→ WHAT IS REQUIRED
Once you find the line below that contains "Super Runner 3d Game image", write it out along with every later line exactly as given, stopping only when the records end. Omit the pictures.

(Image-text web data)
⟨

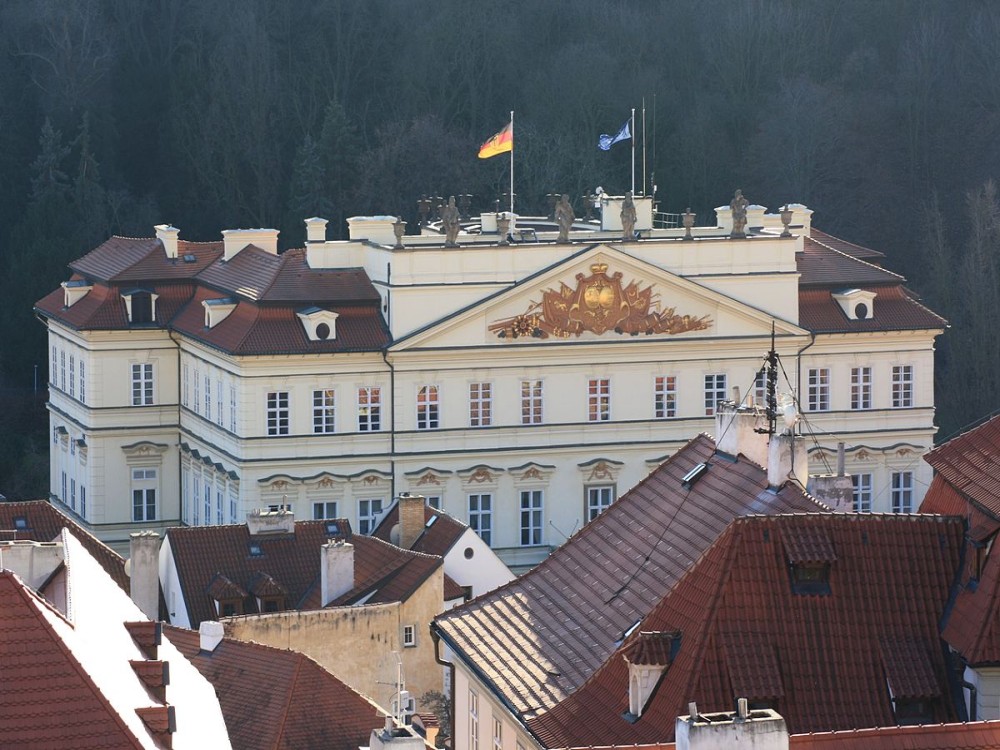 Lobkowicz Palace 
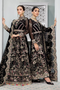 Alizeh Embroidered Chiffon 3 Piece Suit Azha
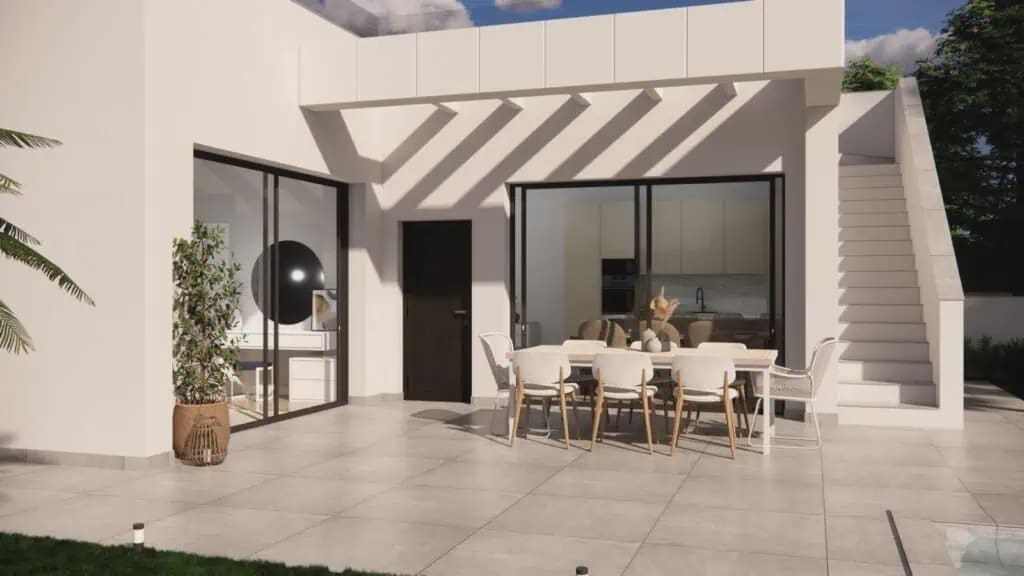 3 quarto Moradia para venda em Rojales com piscina garagem - 529 000 € (Ref: 8985433)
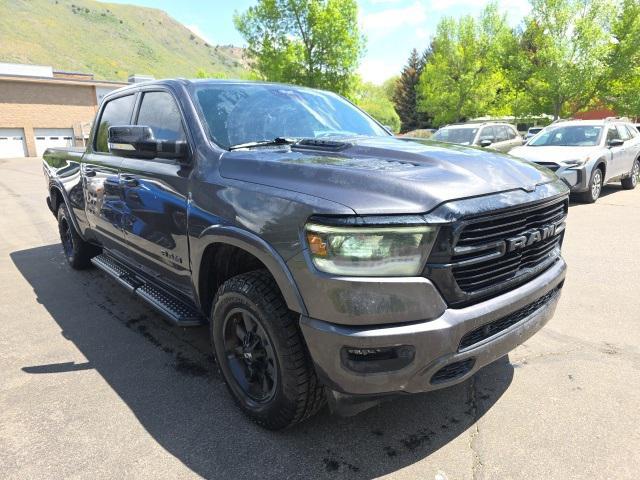 used 2022 Ram 1500 car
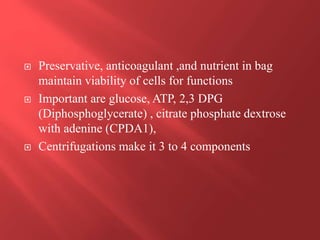 Rational use of blood componenets and Safe blood-2.pptx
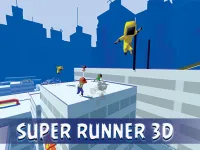 Super Runner 3d Game image
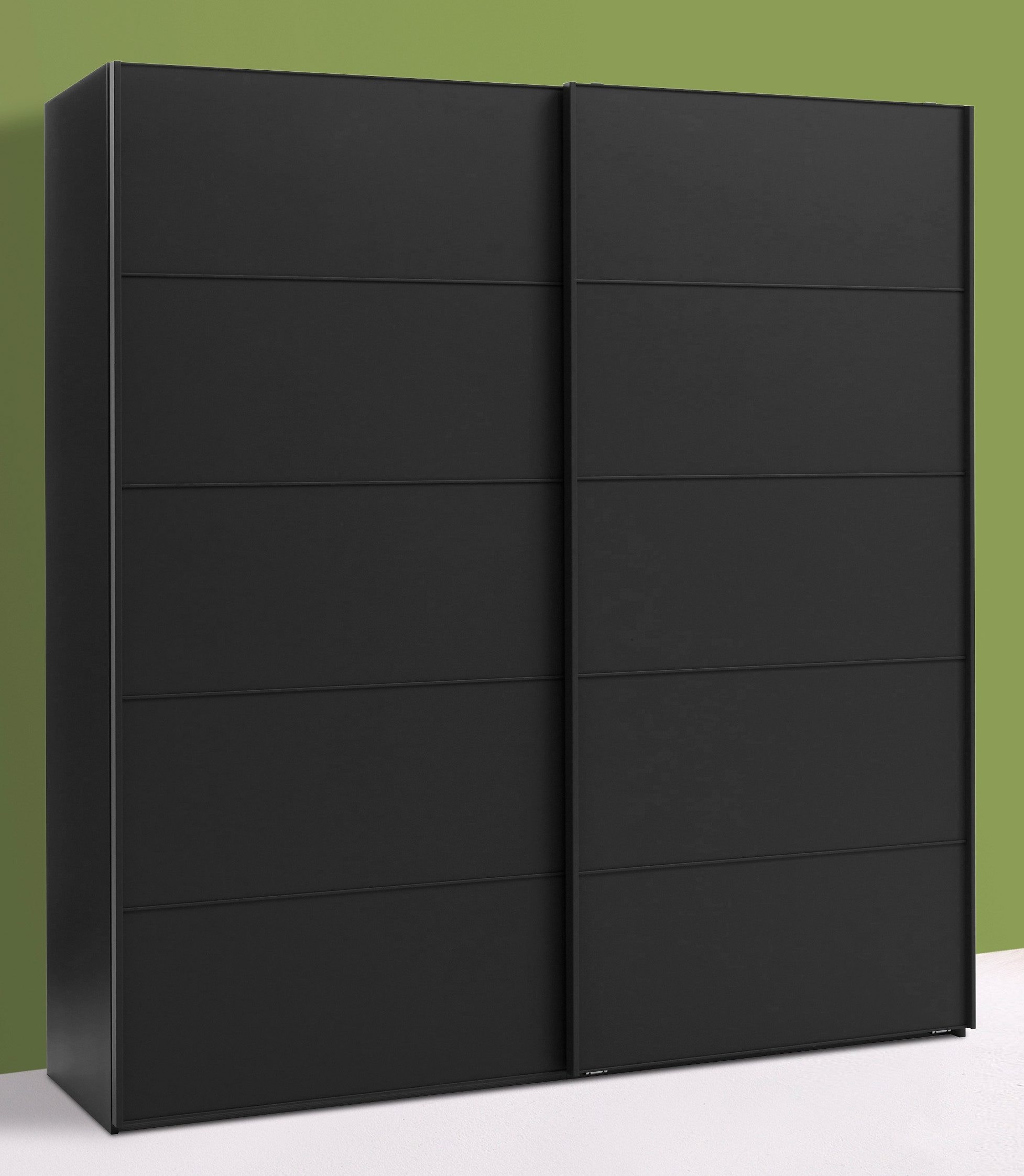 Image of WIEMANN Schwebetürenschrank "Westside"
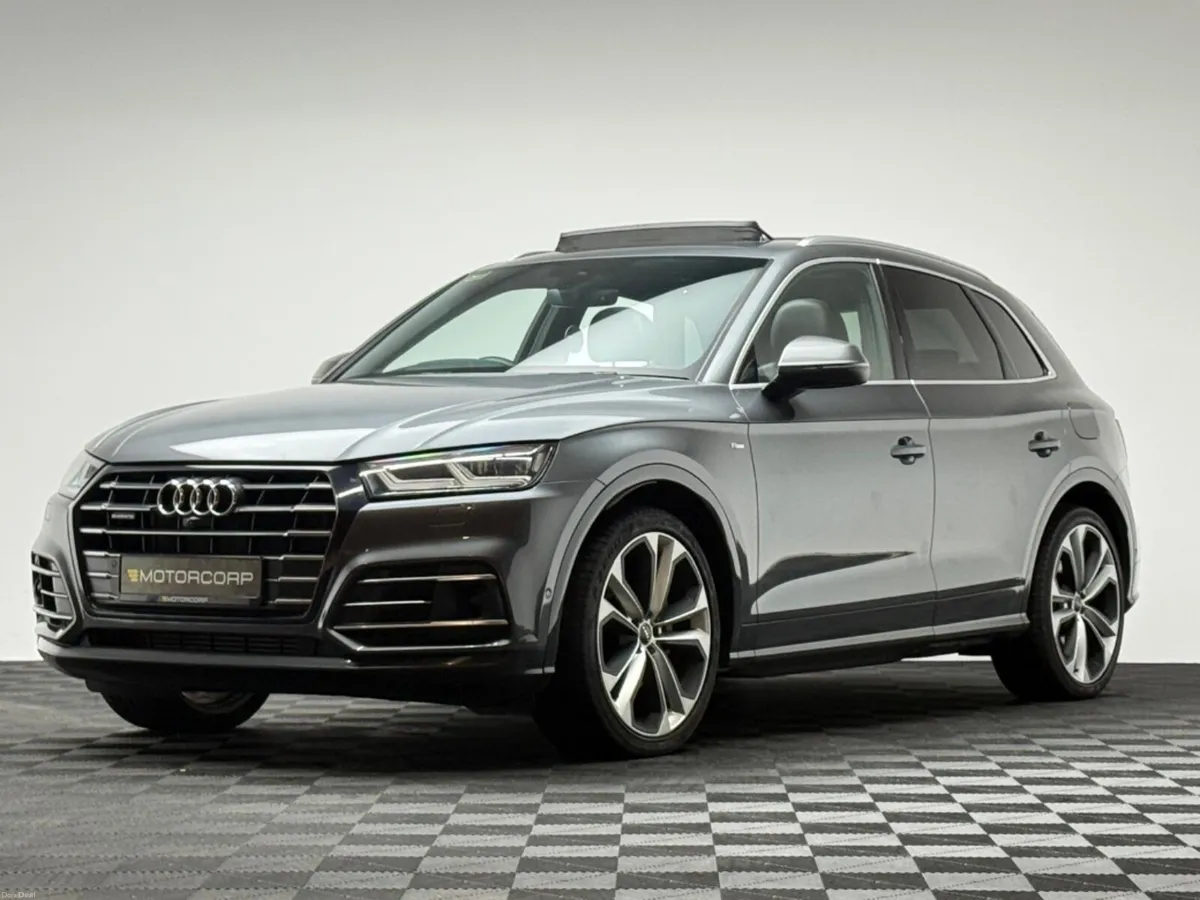Audi Q5 55 TFSI COMP VORSPRUNG QUATTRO *HUGE SPEC* - Image 3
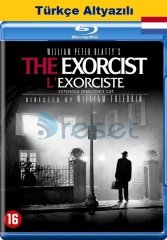 The Exorcist - Şeytan Blu-Ray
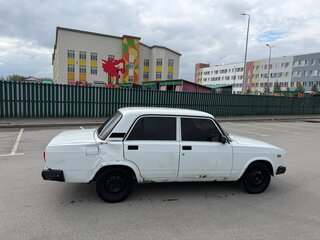 2010 Lada (ВАЗ) 2105, белый, 155000 рублей, вид 4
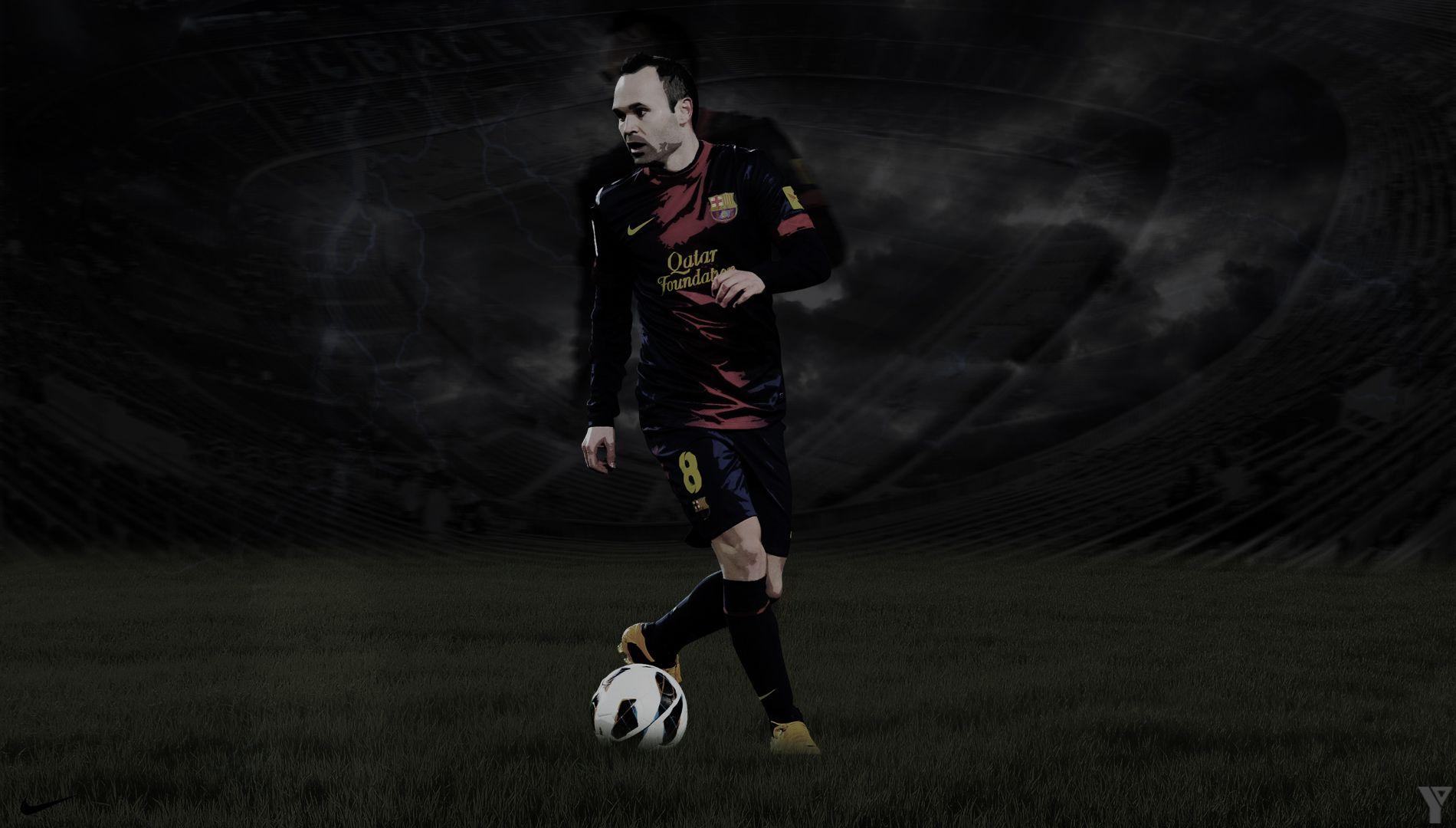 Andres Iniesta Wallpapers High Quality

⟩

→ SOLUTION
 Super Runner 3d Game image
 Image of WIEMANN Schwebetürenschrank "Westside"
Audi Q5 55 TFSI COMP VORSPRUNG QUATTRO *HUGE SPEC* - Image 3
 The Exorcist - Şeytan Blu-Ray
 2010 Lada (ВАЗ) 2105, белый, 155000 рублей, вид 4
 Andres Iniesta Wallpapers High Quality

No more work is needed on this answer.